JAKARTA, Harnas.id – Ketua Badan Pengawas Pemilihan Umum (Bawaslu) Rahmat Bagja mengungkapkan, ada lima isu krusial terkait pencalonan legislatif. Isu tersebut meliputi calon DPR, DPRD, dan DPD dalam Pemilihan Legislatif (Pileg) 2024.

“Di antaranya, pembulatan syarat minimum 30 persen calon anggota legislatif (caleg) perempuan, batasan dan waktu partai untuk mengubah nomor urut bakal caleg dan surat keterangan sehat yang dapat dikeluarkan oleh rumah sakit mana saja,” ujarnya.

Ditambahkan Rahmat, kemudian, simulasi waktu pencetakan logistik dengan waktu penetapan daftar calon tetap (DCT) dan perlukah seluruh ijazah Caleg disertakan atau cukup ijazah terakhir.

“Hal ini berkaitan dengan dua rancangan Peraturan KPU (PKPU) yakni PKPU Pencalonan Anggota DPR, DPRD Provinsi, dan DPRD Kabupaten dan Kota serta perubahan kedua PKPU 10 Tahun 2022 tentang Pencalonan Perseorangan Peserta Pemilu Anggota DPD,” tandas Rahmat.

Menurutnya, terkait dengan Pasal 22 Ayat (1) dan (2) mengenai aturan ijazah, Rahmat memberi catatan ketika tidak terdapat kondisi yang membuktikan sekolah tidak bersedia menerbitkan, terdapat kondisi sekolah diluar negeri, terdapat kondisi sekolah sudah tidak ditemukan.

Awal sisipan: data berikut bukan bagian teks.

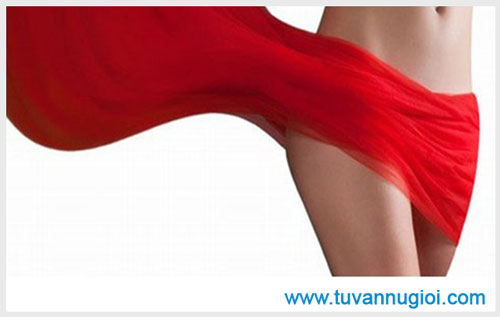 Các tổn thương ở tầng sinh môn của phụ nữ tphcm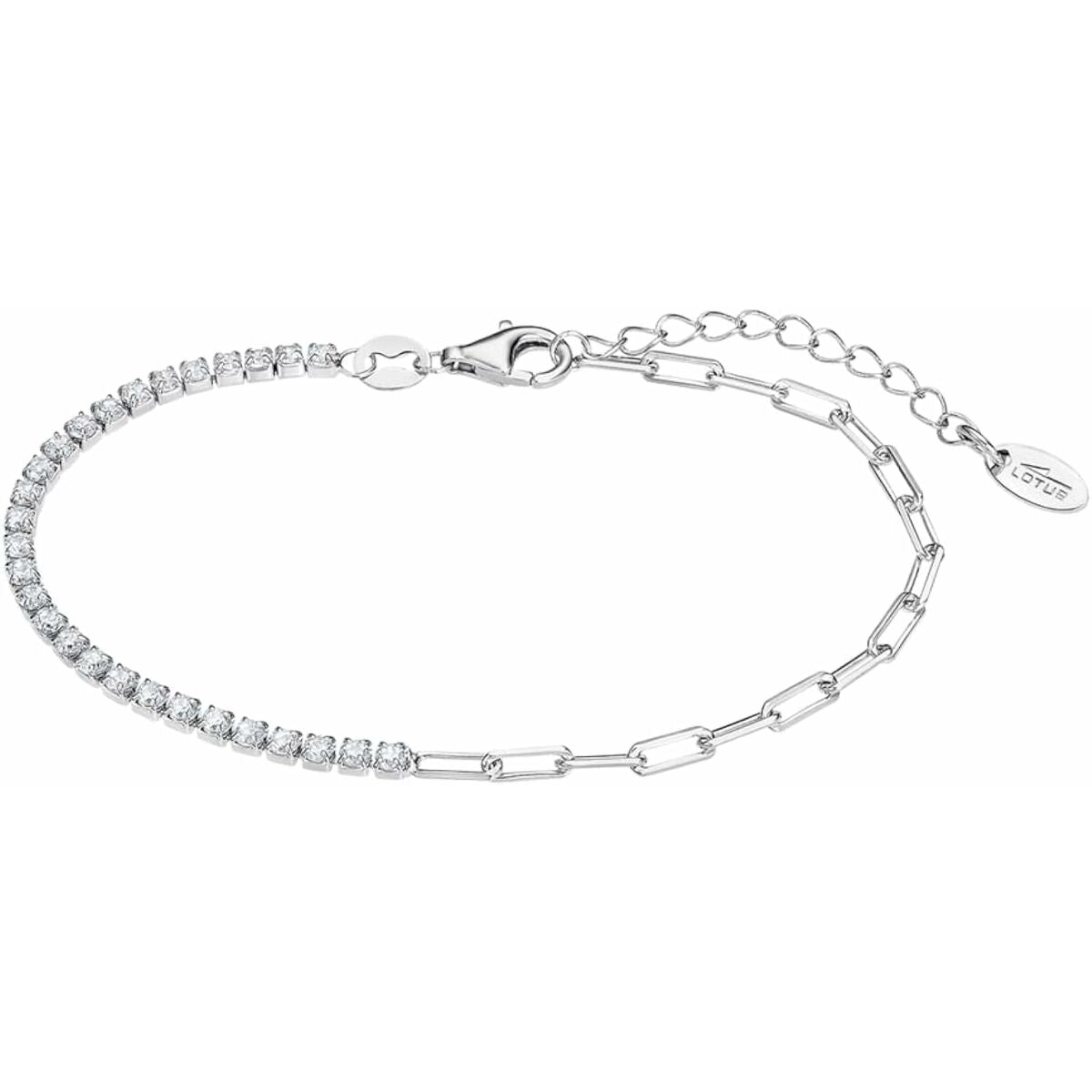 Ladies' Bracelet Lotus LP3270-2/1 Lotus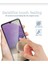 Samsung Galaxy M14 5g Nano Ekran Koruyucu Cam - Ince ve Esnek - Extra Ince 2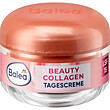 کرم روز بیوتی کلاژن ساز باله آ حاوی ضد آفتاب (Balea Gesichtscreme Beauty Collagen LSF15)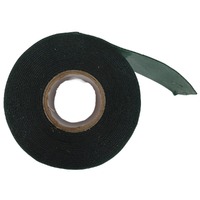 Artificial Vertical Garden Double Sided Tape 5m Long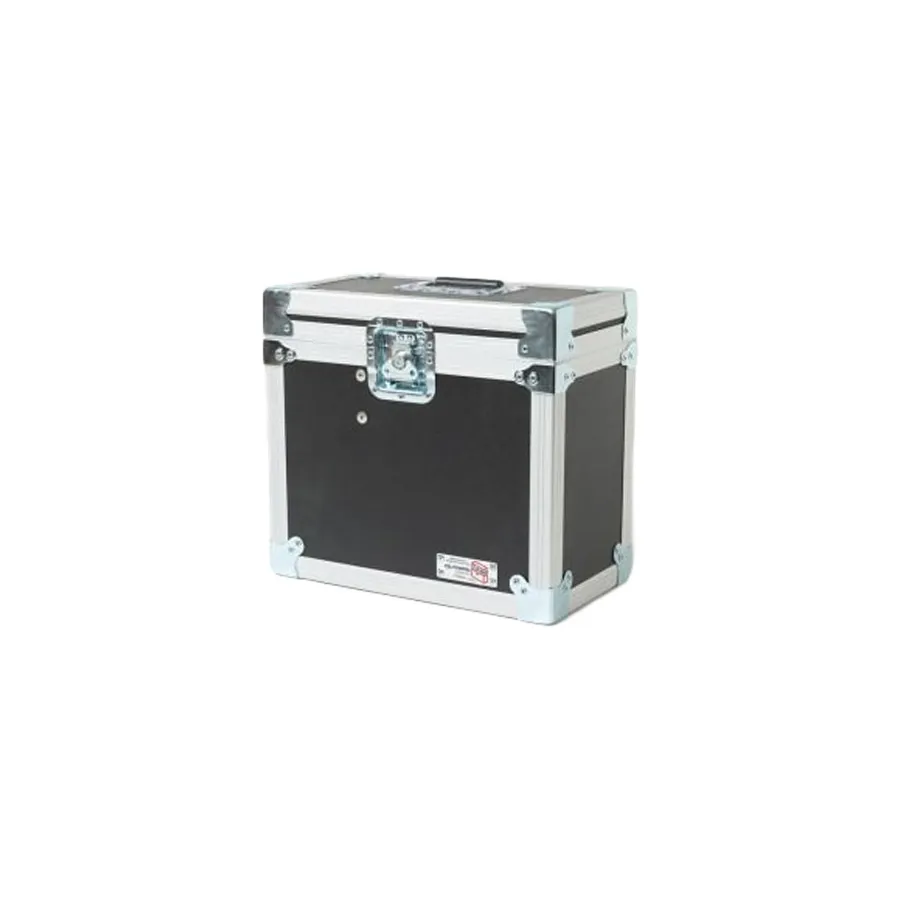 Fluke 9311 Micro-Bath Carrying Case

“Mengingat catatan ‘konsinyering’ bahwa apakah perlu untuk menyerahkan seluruh ijazah atau cukup ijazah terakhir?” ucap Bagja dalam keterangannya, Kamis (13/4/2024).

Rahmat juga memberi masukan terhadap pengaturan perubahan nomor urut caleg yang diatur dalam Pasal 70 Ayat (3) dan Pasal 74 Ayat (3).

Dikatakannya, dalam ketentuan penyusunan DCS dan penetapan DCT tersebut, nilai dia, KPU tidak memberi ruang bagi parpol peserta pemilu untuk dapat mengatur ulang urutan caleg sebagai dampak atas perubahan atau pencoretan caleg.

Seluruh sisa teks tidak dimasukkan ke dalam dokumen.